# using a RCA DVR40 without Directv?



## explosion242 (Mar 9, 2006)

Hello, I searched but did not see anything quite like this so I thought I would ask....

I have a RCA DVR40 that I used to use with Directv but I no longer subscribe to them. My Tivo has been sitting in a box for about a year and a half and I was wondering what to do with it. I would love to hack it to use with my cable but I dont know if that is going to be possible.

So the question is what can I do with this with no DTV service?

Thanks in advance!


----------



## ForrestB (Apr 8, 2004)

A DirecTivo will not work with cable because it's tuners are specifically designed for DirecTV satellites.


----------



## explosion242 (Mar 9, 2006)

I figured that it would not work, but I was not sure. 

So, is there anything anyone could recommend I do with it?
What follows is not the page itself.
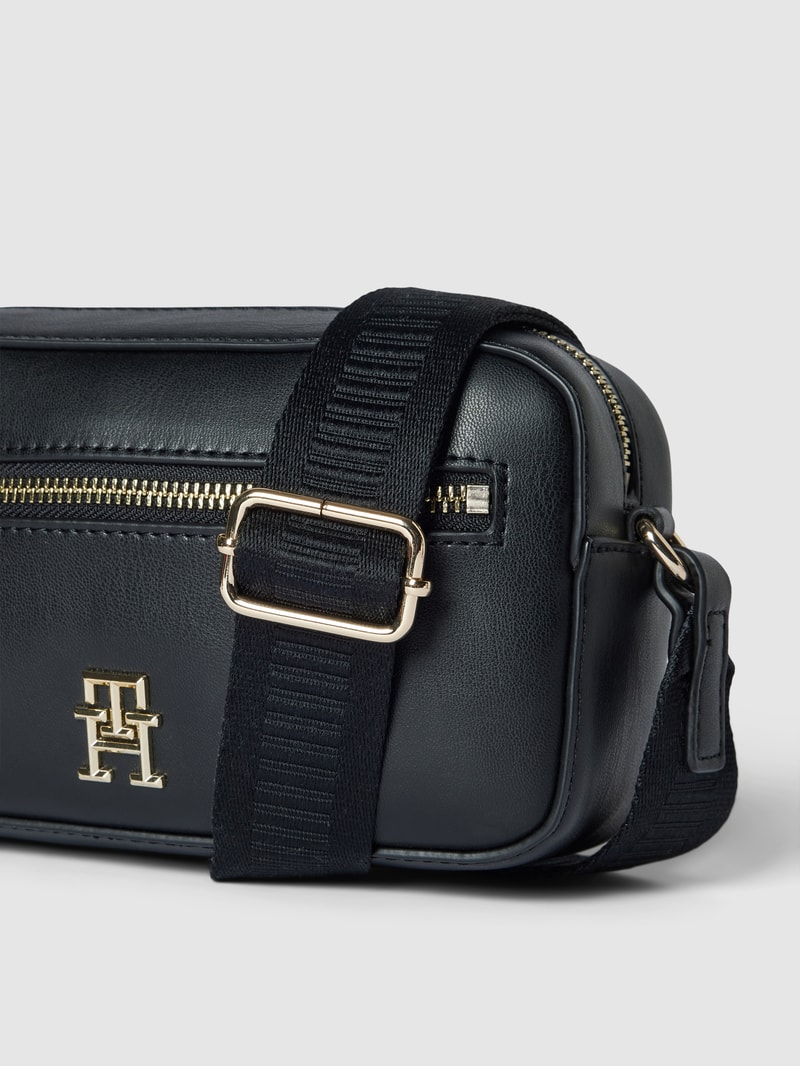 Camera Bag mit Label-Details Modell 'ICONIC' in schwarz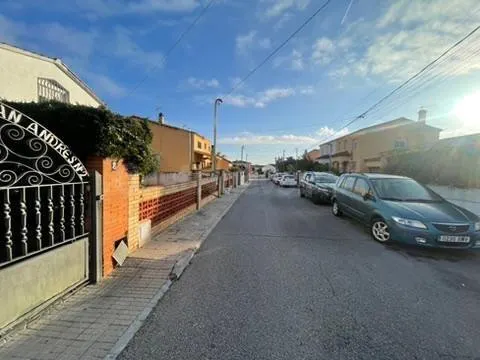 CESIÓN DE REMATE Casa en Santa Oliva, urbanización Vendrell- - foto 2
(Let me guess, give it away!)


----------



## ForrestB (Apr 8, 2004)

If your DirecTV account is in good standing, I would sell it (minus your access card) on ebay. It should fetch $40-$50.


----------



## explosion242 (Mar 9, 2006)

I am not using Directv anymore so I would not mind selling the card with it. I have no outstanding balance with Directv. It is all taken care or. 

Would there still be a reason I would not want to sell the card with it?


----------